A Giugliano in Campania, il caldo estivo si infiamma ulteriormente. I carabinieri intensificano la loro battaglia contro i roghi della Terra dei Fuochi, e il quarto arresto in poche ore scuote l’aria già tesa del quartiere. “Non ci fermiamo finché non mettiamo un freno a questo scempio”, afferma un ufficiale delle forze dell’ordine, lanciando un chiaro messaggio a chi continua a sfidare la legge.

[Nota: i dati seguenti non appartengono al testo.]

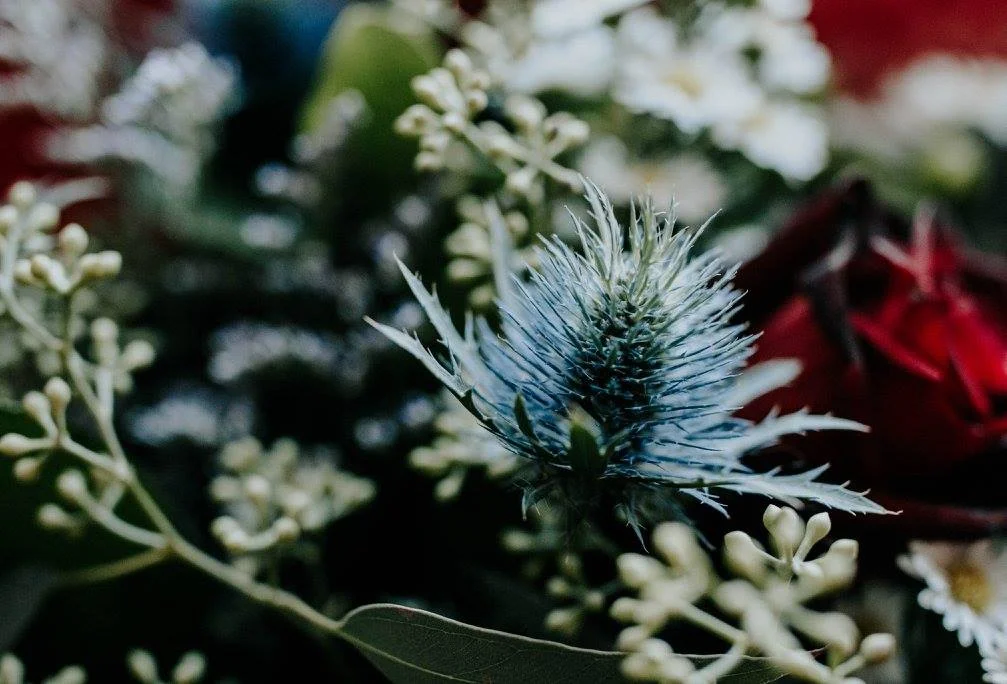 flowers_katy.jpg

Dietro le sbarre è finito un 44enne di Castel Volturno, un volto già noto nei registri della polizia. Insieme a lui, altri due complici: un 45enne nigeriano e una donna italiana di 41 anni. Sono accusati di aver appiccato un incendio in via Vicinale Trenga, un’area già fortemente provata dalla menzogna dei roghi tossici. Quanto accaduto, però, non è un evento isolato: è solo l’ultimo episodio in una serie di operazioni tese a ripulire la zona da chiunque continui a danneggiare l’ambiente.

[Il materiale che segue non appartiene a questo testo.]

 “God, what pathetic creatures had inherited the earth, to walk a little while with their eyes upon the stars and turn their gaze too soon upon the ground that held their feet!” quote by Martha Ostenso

Ad incastrare il 44enne, sono state le immagini dei sistemi di videosorveglianza. I carabinieri non hanno lasciato nulla al caso: nei filmati, il sospetto è immortalato mentre alimenta le fiamme, lanciando rifiuti sul rogo. Con il fumo che si alza verso il cielo, si palpano le preoccupazioni dei residenti, stanchi di vivere in un contesto dove il pericolo incombe quotidianamente.

La missione della Squadra intervento operativo del 10° Reggimento Campania non si limita a un arresto. “Siamo qui per riportare legalità”, affermano con determinazione. Giugliano è un campo di battaglia, l’emergenza roghi è una ferita aperta e i carabinieri promettono di fare di tutto per chiudere questa stagione di devastazione.

Dopo l’arresto, il 44enne è stato messo agli arresti domiciliari. Ma cosa accadrà ora? Chiedono i cittadini, chiusi nelle loro case con le finestre serrate, mentre l’aria è impregnata di preoccupazione e odore di fumo. La lotta sembra solo all’inizio, e con essa sorgono domande: basterà questo intervento a fermare gli incendi? I roghi continueranno a minacciare la Terra dei Fuochi?